Secretary-General Welcomes ‘Most Comprehensive Agreement Ever’ on Global Health, Advocating Universal Coverage by 2030, during General Assembly Meeting

SG/SM/19756-GA/12182
23 September 2019

Secretary-General Welcomes ‘Most Comprehensive Agreement Ever’ on Global Health, Advocating Universal Coverage by 2030, during General Assembly Meeting

Following are UN Secretary-General António Guterres’ remarks to the General Assembly High-Level Meeting on Universal Health Coverage, in New York today:

Welcome to this high-level meeting.  We are here today to champion a cause that is connected to all our development objectives:  health for all.

Everyone, everywhere, has the right to accessible, high-quality, affordable care that promotes physical and mental health, and addresses the needs of women and men, girls and boys, including during conflict and humanitarian crises.

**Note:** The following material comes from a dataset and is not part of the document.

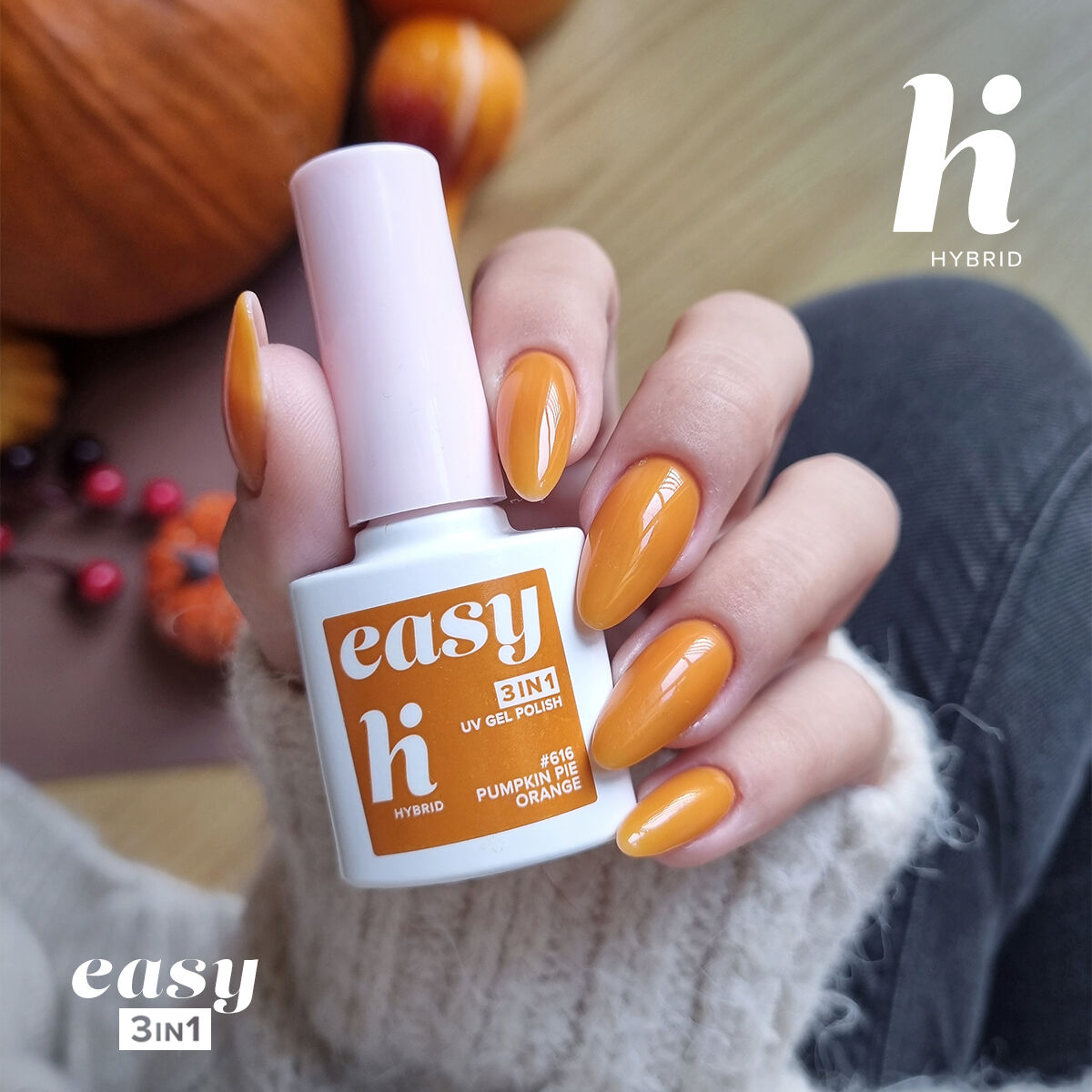 Hi Hybrid 616 EASY 3in1 Pumpkin Pie Orange UV Gel Polish 5ml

Shockingly, half the world’s people are still waiting to exercise that right, with serious consequences for us all.  Every year, some 100 million people around the world are impoverished by catastrophic health‑care expenses.

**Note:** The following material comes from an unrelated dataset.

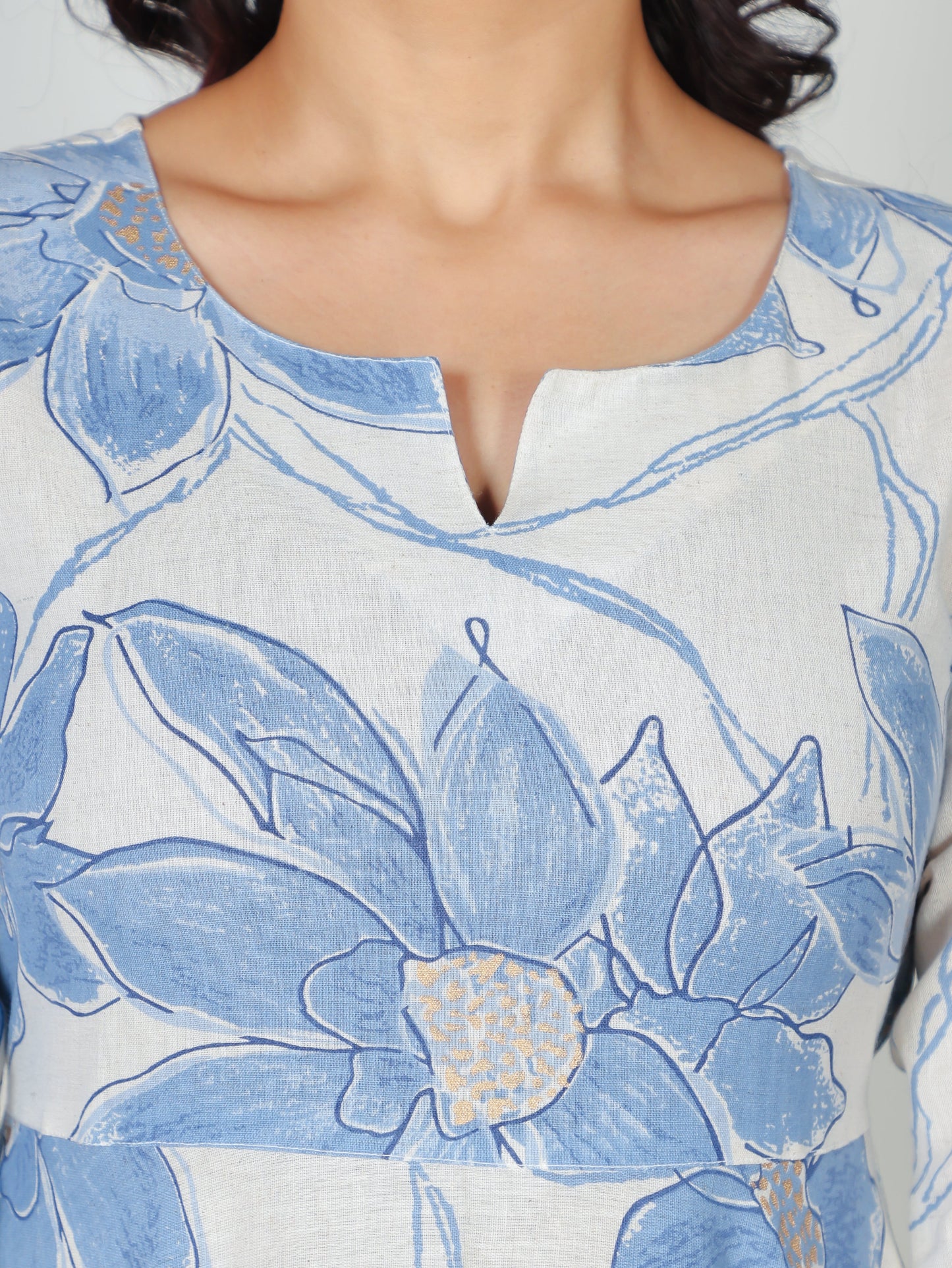 Linen Cotton Floral Anarkali Blue Dress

Even when health care is available, it often fails to cover the full spectrum of human suffering.  Mental health conditions cause enormous anguish to individuals and their loved ones.  They have been neglected and stigmatized for too long.  This has to stop.

And weak health‑care systems pose a risk that goes far beyond national borders.

Health for all is an investment in humanity and in well-being and prosperity for everyone.  Universal health coverage has proven to be a catalyst for economic growth that benefits individuals, families, communities, businesses and economies.  Good health is both an outcome and a driver of economic and social progress.

That is why universal health coverage is at the centre of the 2030 Agenda for Sustainable Development, inseparable from all our work on sustainable development, from climate change to gender equality, from sustainable financing to zero hunger.

The 2030 Agenda is a generational opportunity to address the social drivers that lead to good health and well‑being.  It will help prevent illness through sustainable food systems, improved diets and access to safe water and sanitation.

It is a global call for transport policies that reduce pollution, and for strengthened governance that enables the efficient delivery of health services to people.  We must seize this chance.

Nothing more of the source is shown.